From this perspective, the term cannot be used in Pakistan. Landholdings in most of the country are no longer what they used to be before the country came into being in 1947. The landholding in Punjab, for example, is much smaller than what one would find in some parts of Sindh or Balochistan. Again, most land owners do not maintain private armies. Neither do they have vassals who would fight wars for them.
In any case, according to Akbar Zaidi’s research, the larger landholdings have shrunk. For instance, in 1939, 2.4 per cent owners controlled 38 per cent of the agricultural land which changed later. Between 1950-55, 1.1 per cent owners controlled 15.8 per cent of land with farm sizes varying from 100 to 500 acres; 0.1 per cent of landlords owned 15.4 per cent land with a farm size of 500 acres and above. This seems to have changed within years, with farm sizes being reduced. This development is attributable to problematic land reforms and laws of inheritance which distributed land.
Another important development relates to the fact that most major landowners have become industrialists or successful entrepreneurs. They no longer have private armies. Instead, they run large industrial units such as sugar, ginning and textile mills. But does this data mean that feudalism is no more? The answer is no. In fact, the issue is that as the institution of feudalism was diluted it led to two separate but interdependent developments.
First, the landlords diversified in terms of their capital-generating capabilities and became industrialists and entrepreneurs. The logic was that since agriculture did not ensure greater profit margins, business and industry were selected as the new course. These big landlords also had the advantage of being in politics which was essential for negotiating loans and manipulating the state bureaucracy.
So, in this respect the feudal landlord diversified the source of capital formation. He either did it himself or in partnership with other elites. The land was not just an asset but it also became a source to provide the collateral against which loans were obtained from banks.
However, land continued to have its symbolic worth in the form of expression of power. Resultantly, other elite groups also started to mimic the landowning class and began acquiring land. The wonderful farmhouses around Islamabad, Karachi and Lahore are not just an expression of individual economic strength but a symbol of the political influence of an individual as part of the extended elite.
Hence, it is not surprising that other elite groups such as those comprising industrialists, generals, senior bureaucrats and educated professionals who acquired capital were inclined to buy farmland. During the 1950s, the 1960s and the 1970s, the elite of the civil and military bureaucracy were not interested in retaining or exercising control of the agricultural land which they got from the government. Most would either sell the land to local landowners or neglect it.
After the 1980s, especially after the value of land increased and the bureaucracy started to institutionalise its role in the state, the owners became interested in actively becoming farmers. Those who had the institutional support used it in one form or the other to establish better control. Thus, a new class of agriculturists was born. It had no links with the soil but willingly became an influential factor in far-flung areas.
Many generals and senior bureaucrats, for instance, became numberdars of their villages. While they were not performing the role of collecting taxes, which a numberdar is supposed to do, they enjoyed the authority which comes with the office.
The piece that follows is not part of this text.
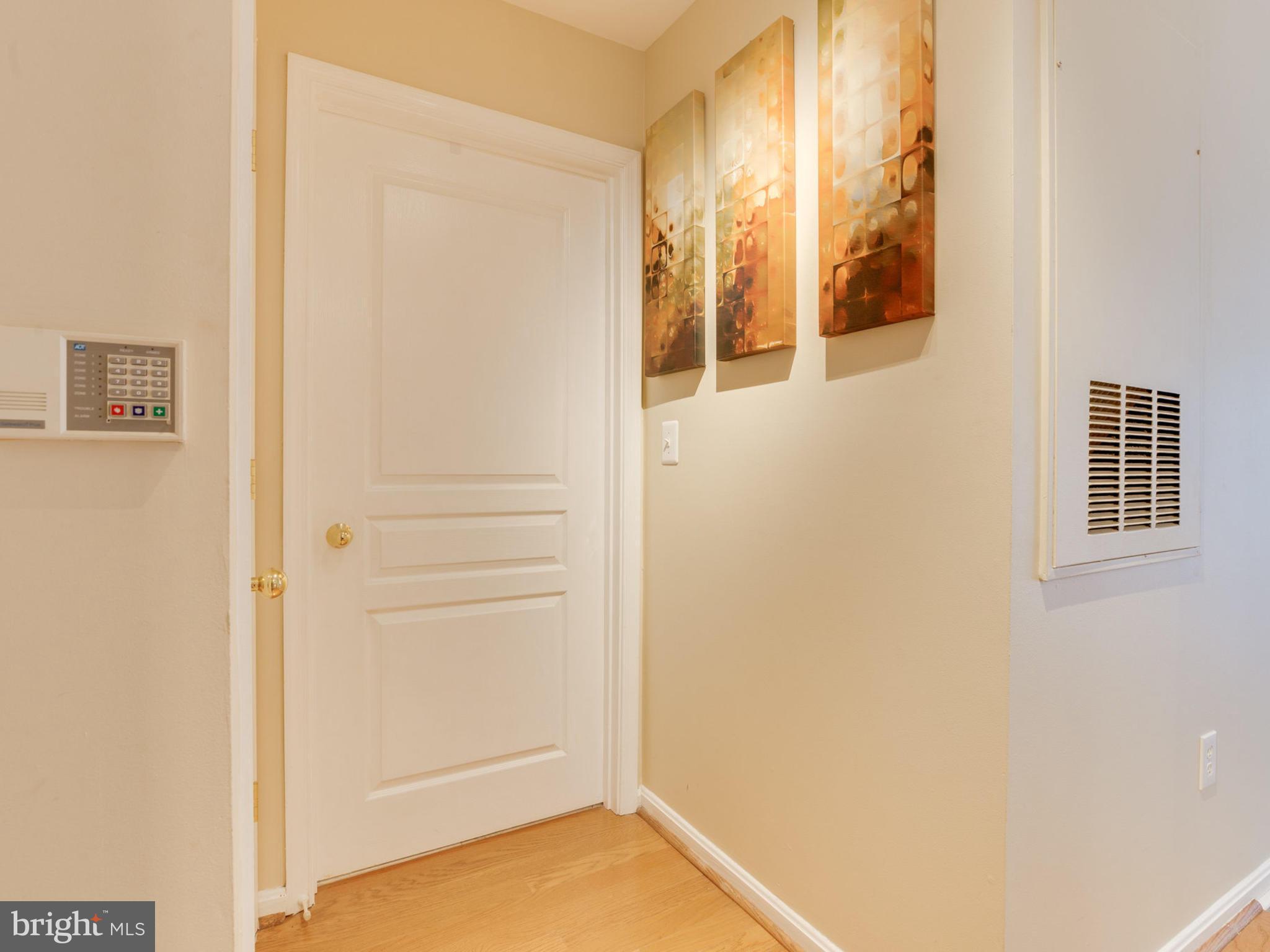 5573 Seminary Road, Unit 202 Falls Church, VA 22041 - Photo 5 of 30 Interior (General)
Land ownership also had an impact on elite culture and ethos. The culture of farmhouses was not about having large houses but in many ways replicating the decadent lifestyle of the old nawabs and the feudal elite. For instance, the huge parties, mujrahs and the flaunting of money which takes place in these new settlements reflected the desire of the inhabitants for copying the traditional landowning elite. They were not rejecting a redundant culture but accepting it as a superior norm. The culture also portrayed a negative development.
Second, the new economic groups and non-landowning elite acquired the attitudes of landowning feudals in the form of the exercise of authority. In a traditional feudal culture, there is an essential relationship between the lord of the manor and the vassals.
In modern terms, the new elite started to behave like the lord of the manor with those in subordinate positions being treated as vassals or minions. There was, hence, the proliferation of a certain kind of attitude which permeated different vocational groups. As long as an elite group dominated an organisation or profession, the attitude could be replicated. New feudals were created from amongst the entrepreneurs, industrialists, the military and civil bureaucracy and professional groups. The late Hamza Alavi defined the professional group as part of the Muslim ashraf (elite) of pre-Partition India.
These new groups also represented the diversification of methods of capital formation which was no longer tied to agriculture. However, such diversification did not necessarily create a capitalist society but resulted in a hybrid form of feudalism which one could categorise as pre-capitalism in which the seeds of capitalism were sown in a solid base of feudalism.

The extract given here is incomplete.